Harriet Hoult is an abstract painter with an instinctive approach to her work. Here she tells us about her studio in west London.
My studio is in Petersham, between Richmond Park and the river. It’s a half brick, half wood building hooked onto the side of a house. It’s in a beautiful spot, surrounded by garden and trees. It has a clear plastic roof which natural light pours through. Doors either end open onto the garden, which is lovely in summer as I can get a completely through-breeze. The studio feels very connected to the outside, but it’s a very private space, tucked away from the world.
I paint against a single whitewashed wall on which I stick paper and canvas. The wall and the stone floor are covered in coloured marks and splashes of paint. Tools and bicycles hang on the opposite, wooden wall, but next week I’m clearing this to make additional work space so that I can have more paintings on the go at once. My paints and brushes are on shelves either end of the studio.
I work mainly in acrylic – tube paint and spray paint but I also use collage, oil pastels and watercolour. I paint abstract forms using a lot of colour by building layers of marks made with brushes, my hands, leaves, a saw – whatever I draw inspiration from in the moment. I tend not to plan. I have an image in my head as a starting point and I make some marks in the direction of that original idea – then I feel my way to what the next set of marks will be. It’s a moment-by-moment evolving process.
I’m painting every day at the moment, so I get to the studio by nine. I start by just standing there, getting into the space, looking around, looking at a piece I was working on the day before. Sometimes I can stand there for 20 minutes, tuning into the environment and the piece of work in progress. When I feel ready, I make a mark and the process starts to unfold. I stop for the occasional snack and drink a lot of tea.

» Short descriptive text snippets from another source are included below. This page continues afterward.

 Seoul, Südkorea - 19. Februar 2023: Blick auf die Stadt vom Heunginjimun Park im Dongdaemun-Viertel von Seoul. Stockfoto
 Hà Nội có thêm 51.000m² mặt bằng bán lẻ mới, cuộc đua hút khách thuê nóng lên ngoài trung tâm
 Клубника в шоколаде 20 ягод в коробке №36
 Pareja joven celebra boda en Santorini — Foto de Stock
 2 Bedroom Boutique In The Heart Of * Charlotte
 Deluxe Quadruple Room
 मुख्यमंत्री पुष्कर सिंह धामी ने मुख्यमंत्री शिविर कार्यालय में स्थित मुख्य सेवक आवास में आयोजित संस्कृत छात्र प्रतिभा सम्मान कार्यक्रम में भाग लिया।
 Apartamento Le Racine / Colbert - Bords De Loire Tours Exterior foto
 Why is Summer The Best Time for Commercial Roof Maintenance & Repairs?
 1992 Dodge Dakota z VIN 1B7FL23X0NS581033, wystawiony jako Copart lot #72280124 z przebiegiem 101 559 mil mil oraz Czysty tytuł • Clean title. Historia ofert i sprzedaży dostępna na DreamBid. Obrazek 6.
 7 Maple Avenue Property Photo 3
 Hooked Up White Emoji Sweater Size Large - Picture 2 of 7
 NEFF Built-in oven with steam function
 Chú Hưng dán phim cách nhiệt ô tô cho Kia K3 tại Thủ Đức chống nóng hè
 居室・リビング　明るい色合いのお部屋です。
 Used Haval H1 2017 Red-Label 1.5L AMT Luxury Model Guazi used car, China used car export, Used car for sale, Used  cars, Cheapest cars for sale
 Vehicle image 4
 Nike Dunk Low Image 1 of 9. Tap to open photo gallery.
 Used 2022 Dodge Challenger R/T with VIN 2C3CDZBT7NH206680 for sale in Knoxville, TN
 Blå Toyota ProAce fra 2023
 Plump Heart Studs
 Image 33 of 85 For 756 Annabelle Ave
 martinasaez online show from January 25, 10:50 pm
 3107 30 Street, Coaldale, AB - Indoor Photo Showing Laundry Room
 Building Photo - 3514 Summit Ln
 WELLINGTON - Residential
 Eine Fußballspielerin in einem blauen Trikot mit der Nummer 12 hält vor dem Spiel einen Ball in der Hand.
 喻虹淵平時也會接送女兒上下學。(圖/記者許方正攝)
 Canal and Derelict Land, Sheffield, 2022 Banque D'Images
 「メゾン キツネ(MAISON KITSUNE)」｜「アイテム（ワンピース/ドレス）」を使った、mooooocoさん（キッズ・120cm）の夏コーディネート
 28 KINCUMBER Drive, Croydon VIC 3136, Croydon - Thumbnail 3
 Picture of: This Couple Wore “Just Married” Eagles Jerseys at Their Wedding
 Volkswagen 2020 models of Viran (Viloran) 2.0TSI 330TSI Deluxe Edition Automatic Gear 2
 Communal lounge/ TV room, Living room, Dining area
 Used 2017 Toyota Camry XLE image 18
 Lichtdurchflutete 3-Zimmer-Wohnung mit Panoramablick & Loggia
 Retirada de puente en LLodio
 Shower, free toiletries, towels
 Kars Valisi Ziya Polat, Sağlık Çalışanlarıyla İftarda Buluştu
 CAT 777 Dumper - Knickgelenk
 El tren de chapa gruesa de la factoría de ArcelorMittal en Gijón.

A lot of the sounds of nature enter the space but I otherwise tend to paint in silence. Occasionally I will put some music on, but I couldn’t listen to just anything. There are certain tracks that work and they’re generally mellow and evocative (James Blake, Retrograde. Leonard Cohen, Suzanne). Very occasionally I’ll listen to an episode of Desert Island Discs – I find them inspiring portraits of humanity.
A cat called Goldie sits outside all day and sometimes she comes in. A few times I have invited people here, but it’s important they have the right energy because it’s a very sacred space for me. Recently two little girls from next door came in and painted for an hour. One painted a beautiful multi-coloured heart.
My last studio was in a more urban setting and that affected my work. I worked with more fluoro colours there, whereas in this greener space the work – its colours and shapes – is softer. I’ve had a few studios over the years and when I move to a new one I can’t get back what I was creating in the old.
My ideal space would have a big table in it so that I could run workshops where people can come and do their own thing; people who wouldn’t otherwise have a space to do that, or people who are lacking inspiration and can draw it from other people. I have met so many people who want to explore painting or creative expression but who don’t know how to, or who don’t have the space to do it in. I’d love to create that space in a very informal, unstructured way.